#### [WHAT IS REQUIRED]
Print the lines below from the line with "1C4RJEBG8GC501416 Photo# 12" to the line with "ECOTEC – LIMPA CIRCUITOS..." exactly, keeping both ends, and print no pictures.

#### [SOURCE MATERIAL]
####

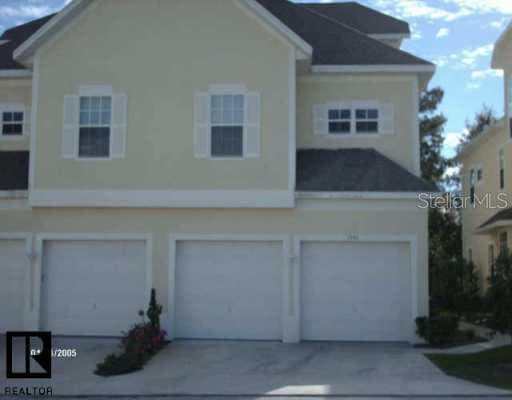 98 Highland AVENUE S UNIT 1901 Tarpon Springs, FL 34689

####

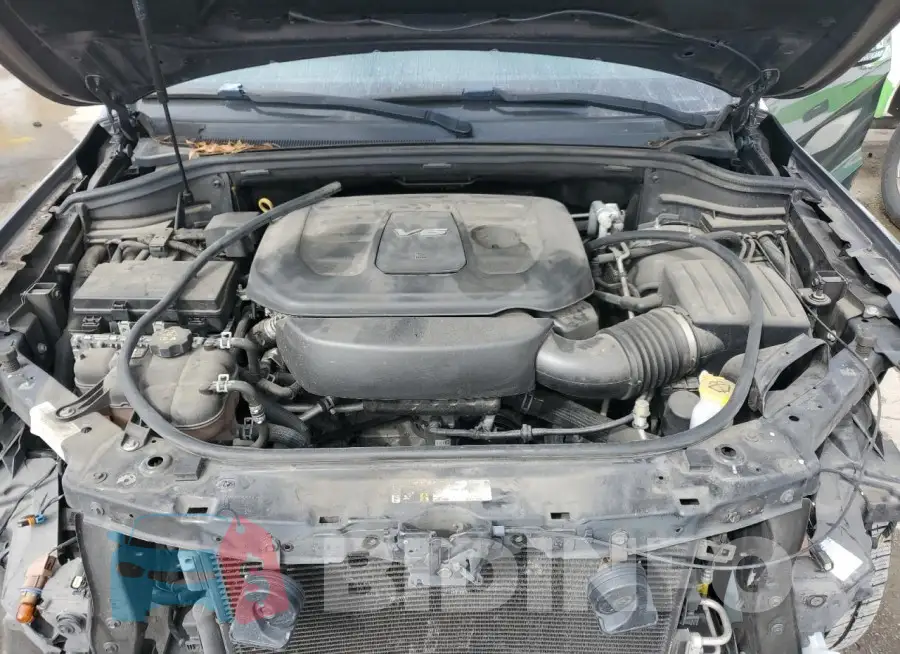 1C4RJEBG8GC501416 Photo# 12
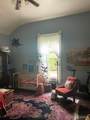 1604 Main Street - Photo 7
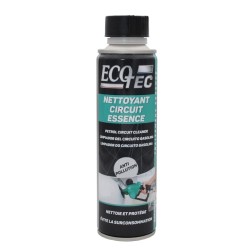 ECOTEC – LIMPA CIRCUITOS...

####

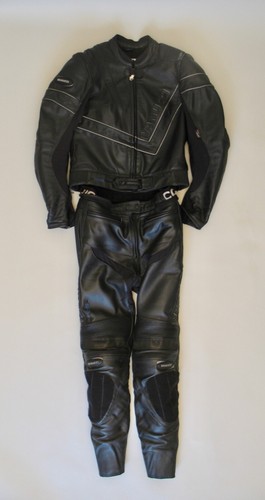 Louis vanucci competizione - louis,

####

#### [RESPONSE TO THE EXERCISE]
 1C4RJEBG8GC501416 Photo# 12
 1604 Main Street - Photo 7
 ECOTEC – LIMPA CIRCUITOS...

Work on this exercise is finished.